======== EXTRACTED INFORMATION

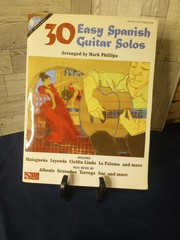 30 Easy Spanish Guitar Solos. With CD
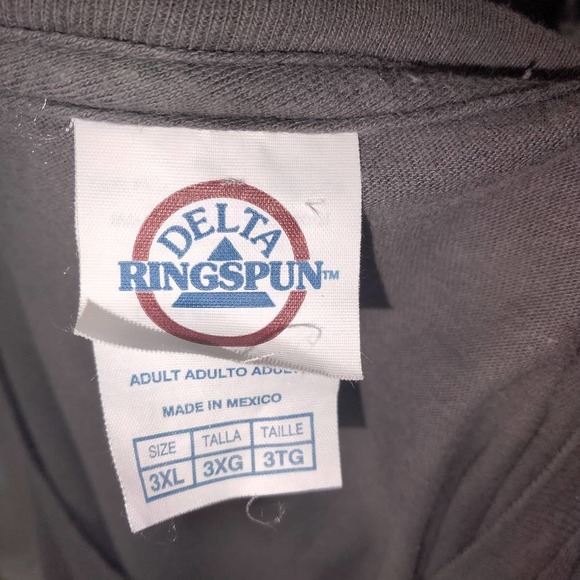 I Am the Sheepdog Patriotic Graphic TShirt Plus Size Size 3XL Shepherd Religious - Picture 7 of 8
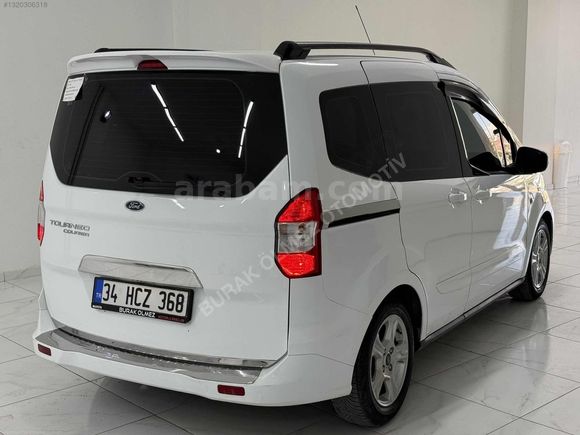 2023 FORD COURİER DELUX KM 36 HATASIZ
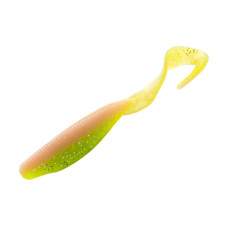 Силикон ZMAN Streakz Curly Tailz 4" Electric Chicken 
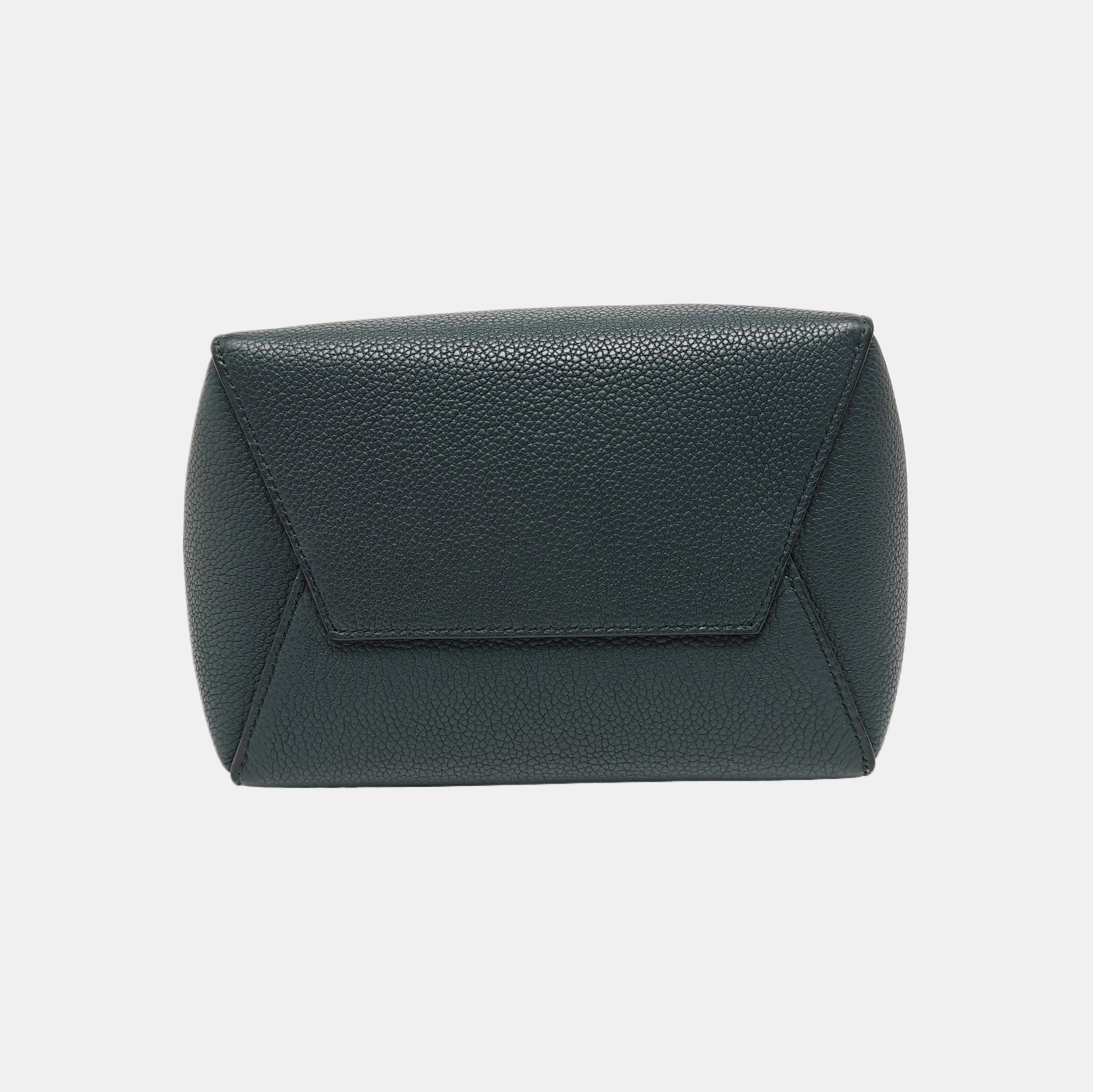 SANGLE Small Calfskin Green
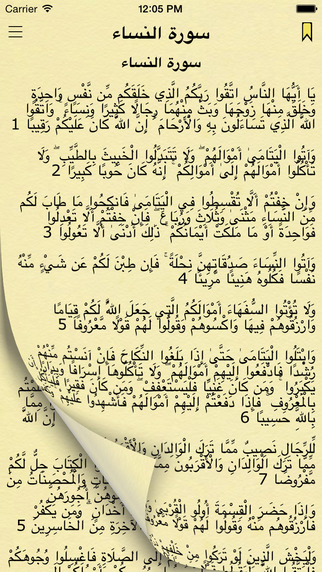 Quran in Arabic القرآن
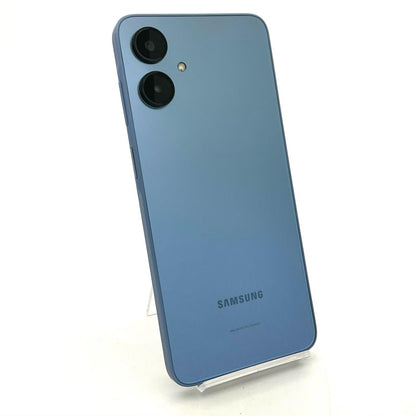 【全額返金保証】【最速発送】SAMSUNG Galaxy A25 ５G 64GB ブルー au SCG33SLA 白ロム 超美品 動作確認済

================

- **WORK INSTRUCTION**: What is needed is an exact repeat of the lines from the one containing "2023 FORD COURİER DELUX KM 36 HATASIZ" through the last line of the records above, both included, with pictures left out.

- **TASK OUTPUT**:
 2023 FORD COURİER DELUX KM 36 HATASIZ
 Силикон ZMAN Streakz Curly Tailz 4" Electric Chicken 
 SANGLE Small Calfskin Green
 Quran in Arabic القرآن
 【全額返金保証】【最速発送】SAMSUNG Galaxy A25 ５G 64GB ブルー au SCG33SLA 白ロム 超美品 動作確認済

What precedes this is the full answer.